Шрифт:
– Поезжай в Ялту, – сказал студент, которому надоело слушать.
– Искусство наше! Один пишет воду, другой облака или лошадей… Я березы пишу, – посмотрел он на свои солнечные березы. – Хорошо, но разве в этом искусство! Надо, чтобы вонзилось в душу… закрутило, как вихрь! Вот что такое искусство. Какое откровение! Искусство – это… стихийная, творящая сила…
За стеной запрыгала, захлопала в ладоши и засмеялась Милочка, и они услыхали:
– Ура!! еду!
– Деньги принесли, – сказал студент.
– А знаешь, – продолжал Качков, – я ведь говел.
– А-а…
– Захотелось отгородиться от всего, упроститься… почувствовать себя прежним. В детстве когда… на душе было как-то особенно ясно и хорошо… и все было пропитано удивительным ароматом. Тогда я умел слышать, как пахнет снег, весенние лужицы… а между рамами пахло ветром и солнцем! А небо какое было! Плыли облака, а мне казалось, что это не облака, а мое это, радостное плавает, как белые лебеди на синей воде. А жаворонки с изюмными глазками! Это были живые жаворонки, и весной от них пахло, и мне жалко было начинать с носика.

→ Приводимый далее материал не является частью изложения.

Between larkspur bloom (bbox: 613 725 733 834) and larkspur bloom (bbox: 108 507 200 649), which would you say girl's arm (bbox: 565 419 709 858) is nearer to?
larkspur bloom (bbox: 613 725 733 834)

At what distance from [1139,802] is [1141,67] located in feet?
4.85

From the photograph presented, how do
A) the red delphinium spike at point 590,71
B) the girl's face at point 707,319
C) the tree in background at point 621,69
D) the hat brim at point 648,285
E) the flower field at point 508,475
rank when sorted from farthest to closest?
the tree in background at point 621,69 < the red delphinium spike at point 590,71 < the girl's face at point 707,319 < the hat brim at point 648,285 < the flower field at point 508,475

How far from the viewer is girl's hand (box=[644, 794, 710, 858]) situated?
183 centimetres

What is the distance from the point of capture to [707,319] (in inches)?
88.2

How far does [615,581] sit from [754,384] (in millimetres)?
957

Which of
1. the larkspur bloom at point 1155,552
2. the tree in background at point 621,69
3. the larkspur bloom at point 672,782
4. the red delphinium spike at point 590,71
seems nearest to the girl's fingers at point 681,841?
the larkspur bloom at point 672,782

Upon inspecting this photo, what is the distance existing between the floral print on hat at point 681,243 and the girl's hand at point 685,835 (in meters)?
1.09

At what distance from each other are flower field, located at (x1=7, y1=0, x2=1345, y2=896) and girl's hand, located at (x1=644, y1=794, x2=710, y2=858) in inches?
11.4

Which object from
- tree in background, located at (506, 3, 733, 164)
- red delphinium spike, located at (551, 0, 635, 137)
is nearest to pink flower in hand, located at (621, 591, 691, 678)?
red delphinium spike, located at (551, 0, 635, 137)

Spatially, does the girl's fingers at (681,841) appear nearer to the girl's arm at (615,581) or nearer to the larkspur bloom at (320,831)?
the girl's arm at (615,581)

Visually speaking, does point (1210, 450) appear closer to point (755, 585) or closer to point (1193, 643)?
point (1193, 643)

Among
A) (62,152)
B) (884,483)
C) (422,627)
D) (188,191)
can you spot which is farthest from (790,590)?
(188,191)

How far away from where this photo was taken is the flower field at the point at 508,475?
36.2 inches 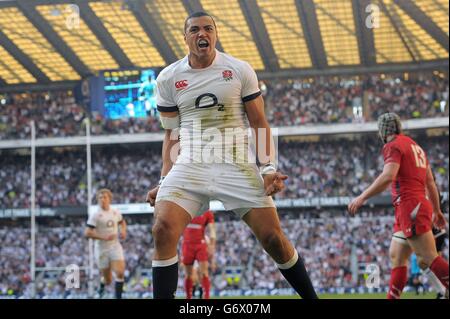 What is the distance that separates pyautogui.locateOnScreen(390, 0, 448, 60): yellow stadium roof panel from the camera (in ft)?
93.4

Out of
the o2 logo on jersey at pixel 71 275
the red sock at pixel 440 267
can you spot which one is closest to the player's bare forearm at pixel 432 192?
the red sock at pixel 440 267

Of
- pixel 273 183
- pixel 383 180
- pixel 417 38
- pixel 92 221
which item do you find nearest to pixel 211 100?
pixel 273 183

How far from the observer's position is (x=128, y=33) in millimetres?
26469

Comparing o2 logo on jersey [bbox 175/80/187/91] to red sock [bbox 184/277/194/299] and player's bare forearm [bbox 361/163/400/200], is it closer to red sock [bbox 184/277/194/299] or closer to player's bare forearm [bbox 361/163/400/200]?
player's bare forearm [bbox 361/163/400/200]

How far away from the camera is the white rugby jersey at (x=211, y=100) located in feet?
18.6

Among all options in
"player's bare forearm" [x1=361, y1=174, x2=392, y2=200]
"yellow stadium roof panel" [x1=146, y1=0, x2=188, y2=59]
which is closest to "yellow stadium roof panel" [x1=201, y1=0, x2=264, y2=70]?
"yellow stadium roof panel" [x1=146, y1=0, x2=188, y2=59]

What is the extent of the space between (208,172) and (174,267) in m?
0.73

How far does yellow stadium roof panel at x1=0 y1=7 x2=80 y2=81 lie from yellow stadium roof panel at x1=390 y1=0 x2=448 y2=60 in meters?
12.3

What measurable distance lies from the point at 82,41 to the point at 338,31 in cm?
955

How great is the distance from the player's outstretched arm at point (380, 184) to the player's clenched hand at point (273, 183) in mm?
1276

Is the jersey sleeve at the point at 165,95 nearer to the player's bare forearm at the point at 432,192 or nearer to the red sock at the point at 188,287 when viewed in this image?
the player's bare forearm at the point at 432,192

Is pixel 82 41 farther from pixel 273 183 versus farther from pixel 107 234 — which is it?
pixel 273 183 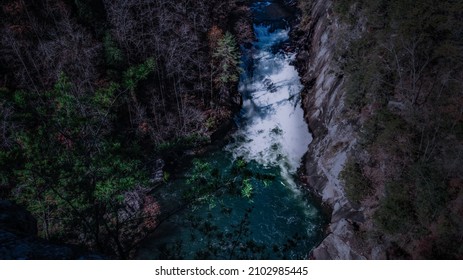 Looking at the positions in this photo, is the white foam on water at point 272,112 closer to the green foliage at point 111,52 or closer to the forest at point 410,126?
the forest at point 410,126

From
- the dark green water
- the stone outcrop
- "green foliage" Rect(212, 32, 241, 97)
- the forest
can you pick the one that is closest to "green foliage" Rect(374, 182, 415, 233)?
the forest

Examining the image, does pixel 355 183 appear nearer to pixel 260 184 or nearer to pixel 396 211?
pixel 396 211

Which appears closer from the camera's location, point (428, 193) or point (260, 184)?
point (428, 193)

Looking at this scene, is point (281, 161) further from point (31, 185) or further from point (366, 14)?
point (31, 185)

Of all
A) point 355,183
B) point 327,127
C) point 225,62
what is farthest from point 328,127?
point 225,62

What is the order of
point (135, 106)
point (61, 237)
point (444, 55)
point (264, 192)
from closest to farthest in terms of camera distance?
1. point (61, 237)
2. point (444, 55)
3. point (264, 192)
4. point (135, 106)

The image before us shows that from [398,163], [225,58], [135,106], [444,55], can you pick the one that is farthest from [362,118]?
[135,106]

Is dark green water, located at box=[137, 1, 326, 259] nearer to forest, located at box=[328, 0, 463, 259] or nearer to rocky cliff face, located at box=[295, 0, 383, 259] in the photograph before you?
rocky cliff face, located at box=[295, 0, 383, 259]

А когда говел, все было такое особенное, праздничное… а я совсем был особенный, лучший и тоже праздничный, и мне за это будет награда. В таком состоянии можно творить!
– Да, пожалуй… – сказал из-за газеты студент.

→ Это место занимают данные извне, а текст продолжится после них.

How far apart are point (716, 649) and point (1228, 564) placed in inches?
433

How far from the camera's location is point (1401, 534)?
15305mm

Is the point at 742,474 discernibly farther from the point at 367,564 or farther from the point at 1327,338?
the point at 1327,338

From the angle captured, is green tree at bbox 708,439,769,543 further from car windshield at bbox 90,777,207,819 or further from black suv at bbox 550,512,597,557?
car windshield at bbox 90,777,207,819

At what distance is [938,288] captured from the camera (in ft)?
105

– И захотелось проделать опыт. Пошел в монастырь, выбрал старый, поглуше… После всенощной зашел в темный угол, закрыл глаза, постоял… И монаха выбрал старенького. Кажется, никто и не шел к нему, шли почему-то к толстому. И даже глуховат оказался… Ну, и проделал все, словно я мальчик…
– И что же?
– Грустно почему-то стало, а все-таки какое-то спокойствие получил. Потом шел и глядел на звезды. И почти узнал его, старое, знакомое небо… детское небо…
– Ну, и мистик ты! – сказал студент.
– В последнее время о многом я думаю. И о Боге думаю. О том, детском, добреньком Боге… Вот мать моя… всю жизнь била ее нужда, так и умерла, никакой радости не видала. И все-таки сохранила детскую веру в какую-то великую правду. А спроси – и не объяснила бы. Что это? А миллионы простого народу… Сколько лишений, обид всяких, страданий!.. А живут и верят. И жизнь постепенно формируется и движется к какой-то великой цели. Через эти страдания выявляется светлый лик жизни, через века… покупается великое будущее… – мечтательно-грустно сказал Качков.

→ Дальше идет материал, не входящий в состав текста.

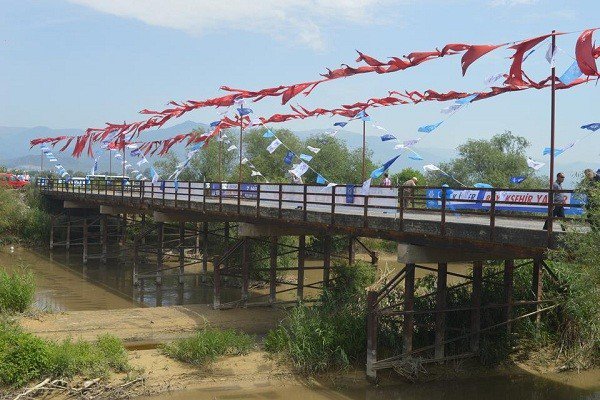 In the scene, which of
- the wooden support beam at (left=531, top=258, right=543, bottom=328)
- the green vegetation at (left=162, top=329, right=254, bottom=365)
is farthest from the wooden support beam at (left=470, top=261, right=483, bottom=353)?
the green vegetation at (left=162, top=329, right=254, bottom=365)

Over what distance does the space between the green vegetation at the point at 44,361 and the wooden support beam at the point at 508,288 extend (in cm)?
805

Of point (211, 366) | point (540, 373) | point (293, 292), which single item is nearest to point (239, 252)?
point (293, 292)

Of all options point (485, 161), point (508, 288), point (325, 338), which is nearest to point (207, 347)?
point (325, 338)

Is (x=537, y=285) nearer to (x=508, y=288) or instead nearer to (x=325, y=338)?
(x=508, y=288)

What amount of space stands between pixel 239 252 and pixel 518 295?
12.5 m

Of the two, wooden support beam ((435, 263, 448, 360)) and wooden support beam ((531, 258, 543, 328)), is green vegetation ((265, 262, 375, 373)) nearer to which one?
wooden support beam ((435, 263, 448, 360))

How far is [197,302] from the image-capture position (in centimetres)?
2422

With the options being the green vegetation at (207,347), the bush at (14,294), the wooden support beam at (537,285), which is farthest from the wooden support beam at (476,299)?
the bush at (14,294)

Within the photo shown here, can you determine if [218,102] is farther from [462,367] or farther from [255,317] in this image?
[462,367]

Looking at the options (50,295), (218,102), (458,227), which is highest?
(218,102)

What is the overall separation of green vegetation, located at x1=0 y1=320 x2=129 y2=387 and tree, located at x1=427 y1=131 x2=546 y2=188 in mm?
37757

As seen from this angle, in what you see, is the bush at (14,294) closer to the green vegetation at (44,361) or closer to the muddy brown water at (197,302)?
the muddy brown water at (197,302)

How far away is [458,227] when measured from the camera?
12.2 m

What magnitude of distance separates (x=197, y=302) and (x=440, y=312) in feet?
40.5
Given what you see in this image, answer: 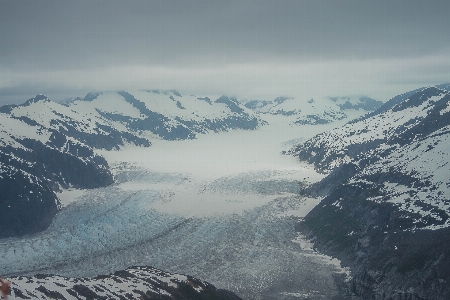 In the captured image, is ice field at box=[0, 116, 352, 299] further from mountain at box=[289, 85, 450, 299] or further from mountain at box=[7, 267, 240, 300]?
mountain at box=[7, 267, 240, 300]

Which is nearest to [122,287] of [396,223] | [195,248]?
[195,248]

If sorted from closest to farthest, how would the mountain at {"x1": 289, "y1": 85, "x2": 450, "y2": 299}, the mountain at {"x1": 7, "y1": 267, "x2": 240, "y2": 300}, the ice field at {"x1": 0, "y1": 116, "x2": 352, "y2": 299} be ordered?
the mountain at {"x1": 7, "y1": 267, "x2": 240, "y2": 300} → the mountain at {"x1": 289, "y1": 85, "x2": 450, "y2": 299} → the ice field at {"x1": 0, "y1": 116, "x2": 352, "y2": 299}

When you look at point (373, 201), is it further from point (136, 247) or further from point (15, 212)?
point (15, 212)

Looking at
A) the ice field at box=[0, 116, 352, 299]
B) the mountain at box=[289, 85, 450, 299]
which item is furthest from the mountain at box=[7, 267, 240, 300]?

– Просто – живут и умирают и ни о каком лике не думают, – сказал, помолчав, студент, – а кое-чего после себя оставляют. Ну, о твоей правде я с тобой говорить не буду. Слишком мы разные…
Постучала в дверь Милочка.
– Господа, уезжаю! Праздник в дороге буду встречать, а завтра дома!
И упорхнула. Было слышно, как целовалась она в коридоре с хозяйкой.
– Живо прояснило, – сказал студент. – Так и у всех. Пойти постричься.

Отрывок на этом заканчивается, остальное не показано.